Joseph Epstein’s last book of essays in 2012 was devoted to biography, and I read it with great relish, as I have read all his books—nonfiction and fiction. The collection under review contains nearly forty essays and is his twenty-fourth book. He has written on everything from Fred Astaire to Alexis de Tocqueville, from envy and snobbery to divorce and ambition. He is a superb literary critic, short-story writer, and a lively sociologist who casts a wide net.

No one, as has been said countless times, is as good an essayist as Mr. Epstein, which is to say as original, witty, amusing, learned, and engaging. He seems able to write well on virtually anything—such as the strange antics of life at Northwestern University (everything from sexual demonstrations, to a new form of bad manners called the “shout down,” used to intimidate alleged fascists, to professors regularly sleeping with their students), life in the U.S. Army, [End Page lix] cosmetic surgery, boredom, lower education, Holocaust denial, science fiction, third-rate writers, Spielberg vs. Shakespeare, the teaching of English, the death of the liberal arts, various literary magazines (from the TLS to the New York Review of Books and the New Yorker), and such intellectual figures as Walter Cronkite (no intellectual, as Epstein makes plain) and Hilton Kramer.

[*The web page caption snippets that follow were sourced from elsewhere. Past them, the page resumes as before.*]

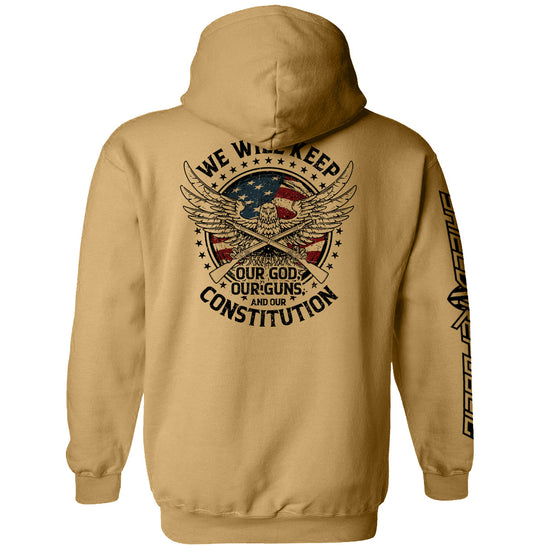 We Will Keep Our Constitution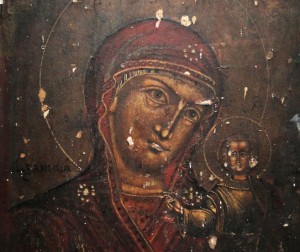 Казанская икона Божией Матери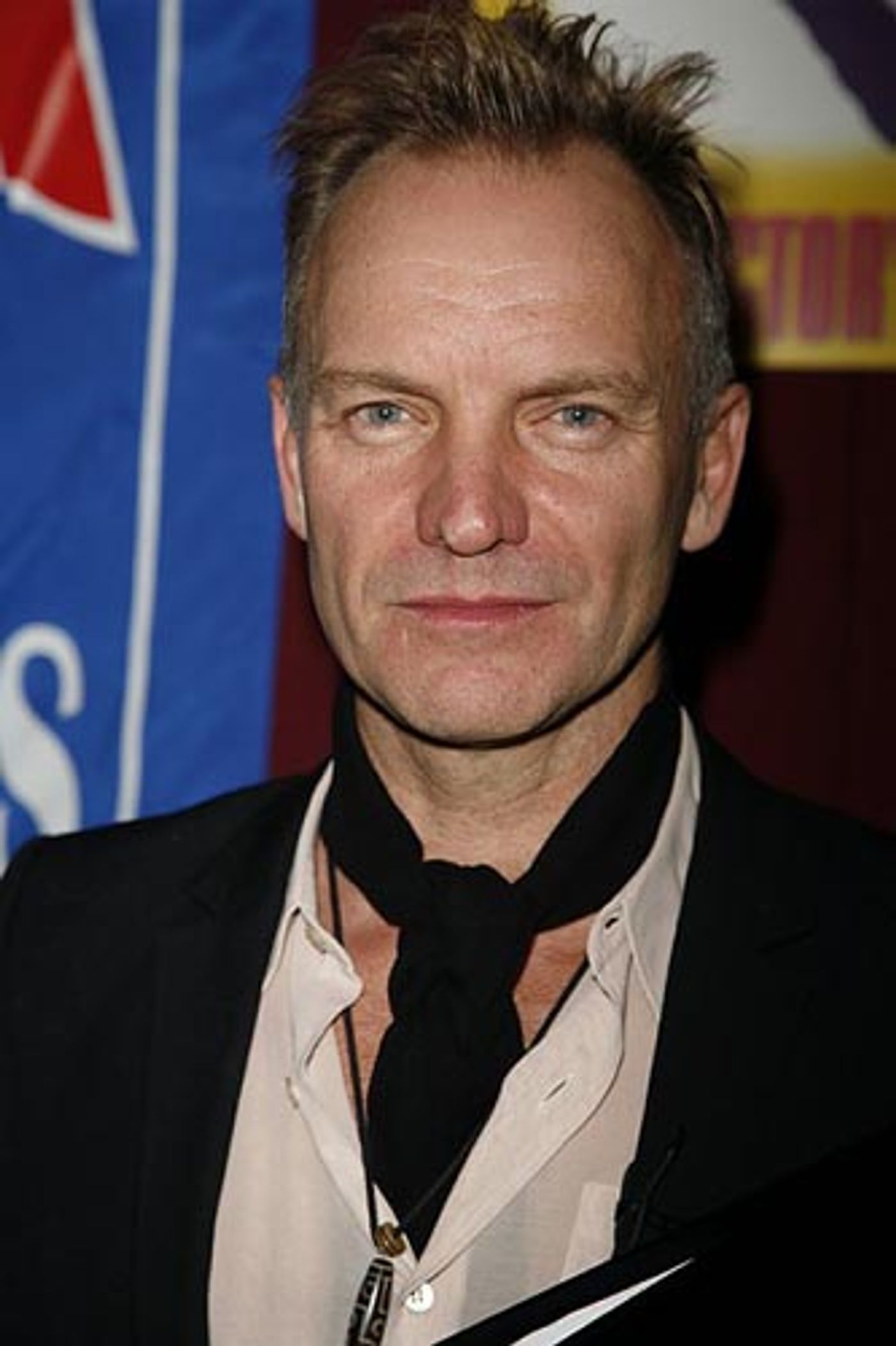 Photo Coverage: Sting, Styler and Price Star in BC/EFA 'Twin Spirits' Benefit  Image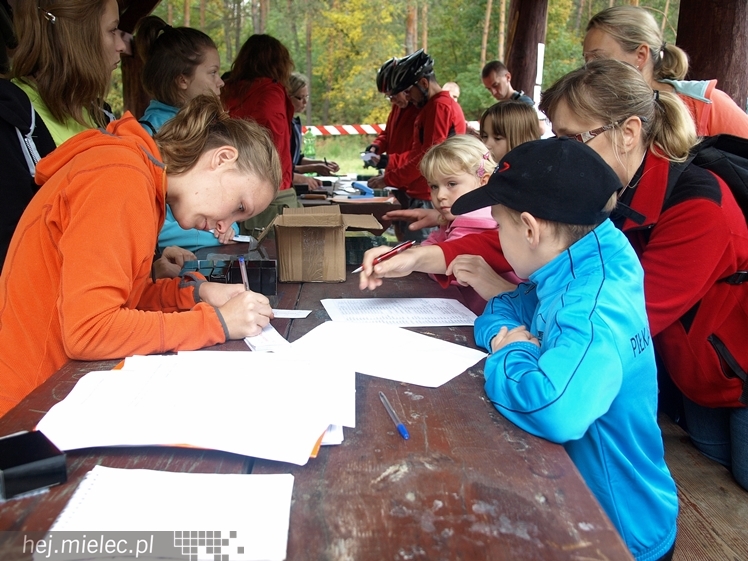 Mielczanie sprawdzili się w zawodach na orientację ? II Mielecki Zielony Punkt Kontrolny za nami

“Cronkite,” Epstein acidly observes, “took the news too straight; he admired American politicians too much; whereas Huntley and Brinkley, and Brinkley, especially, tends to review them and politics generally in a more Menckenesque light—that is, as a carnival … of bunkum.” Hilton Kramer, in contrast to Cronkite, had a great mind and was exceedingly articulate; he was one of the great public intellectuals of our time. Here is how Epstein concludes his tribute to Kramer: “He loathed the crude intrusions of racial and sexual politics in the arts, and had no hesitation in explaining why in public and in a forthright way. Vaunting the shoddy in literature and in visual art he considered no mere venial sin. He paid culture the respect of taking it with the utmost seriousness. … He is irreplaceable.” In other words he was the polar opposite of Uncle Walter Cronkite, a vapid commentator on the public scene, who flummoxed most of the United States for years.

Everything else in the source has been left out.